WORK ORDER - A verbatim transcription of the listing below is required, without its pictures.

GIVEN INFORMATION -
============================================================
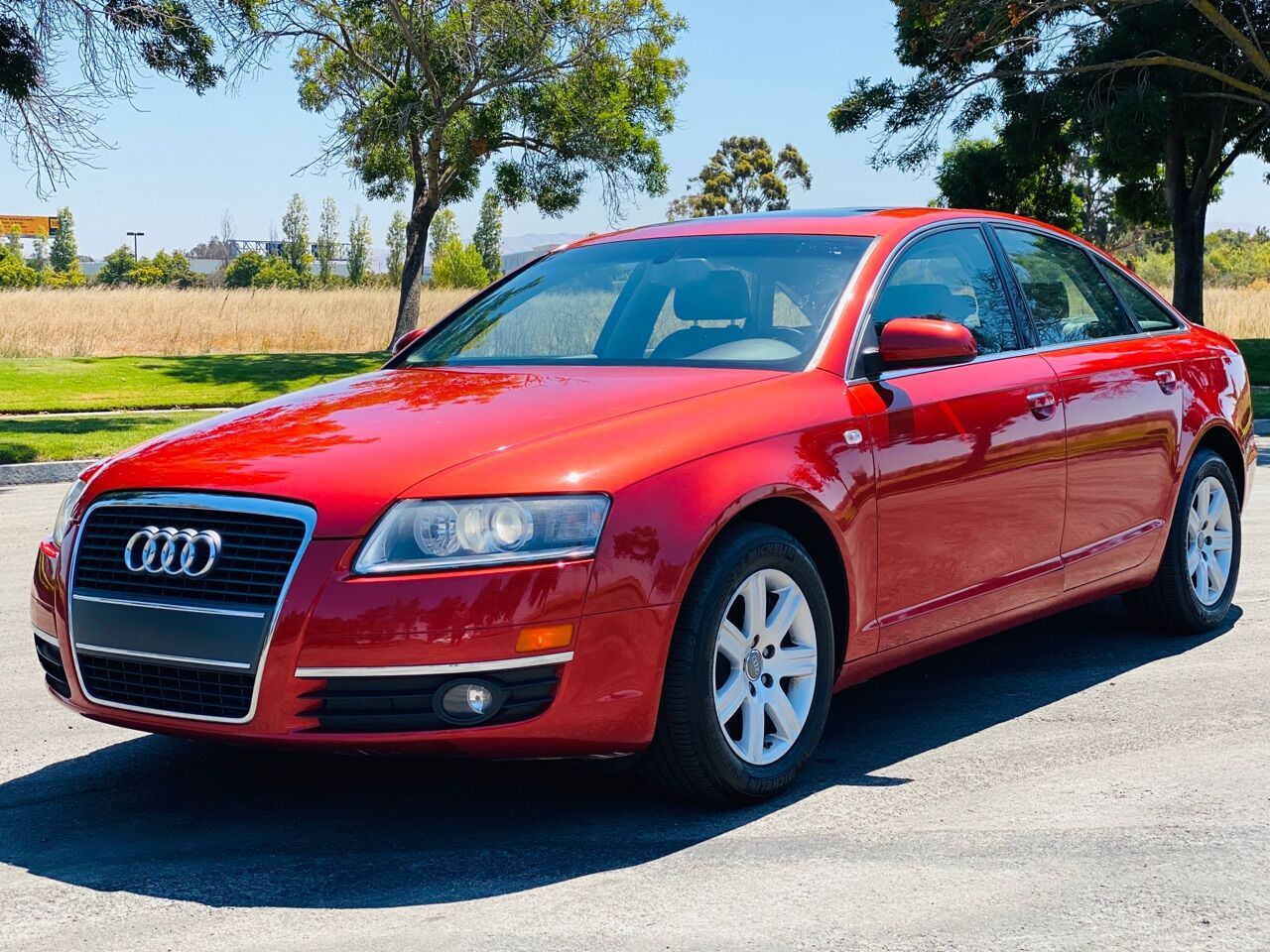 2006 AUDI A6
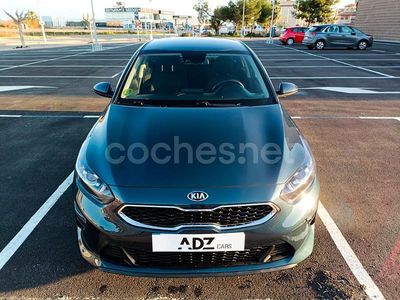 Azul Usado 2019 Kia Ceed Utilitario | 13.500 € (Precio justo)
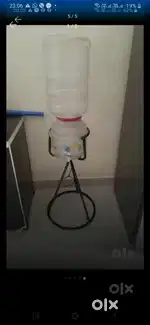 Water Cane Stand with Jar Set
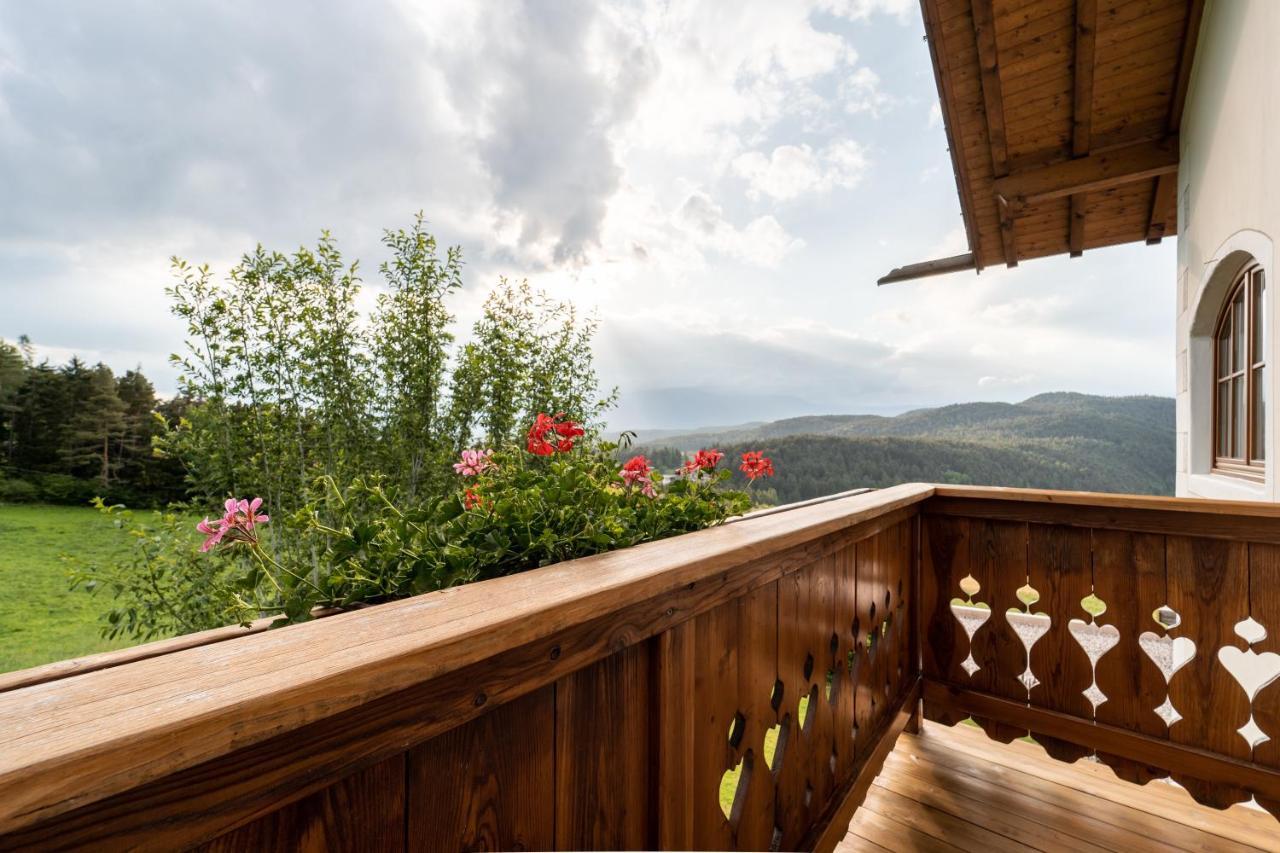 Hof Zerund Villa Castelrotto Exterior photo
============================================================
TASK ANSWER -
 2006 AUDI A6
 Azul Usado 2019 Kia Ceed Utilitario | 13.500 € (Precio justo)
 Water Cane Stand with Jar Set
 Hof Zerund Villa Castelrotto Exterior photo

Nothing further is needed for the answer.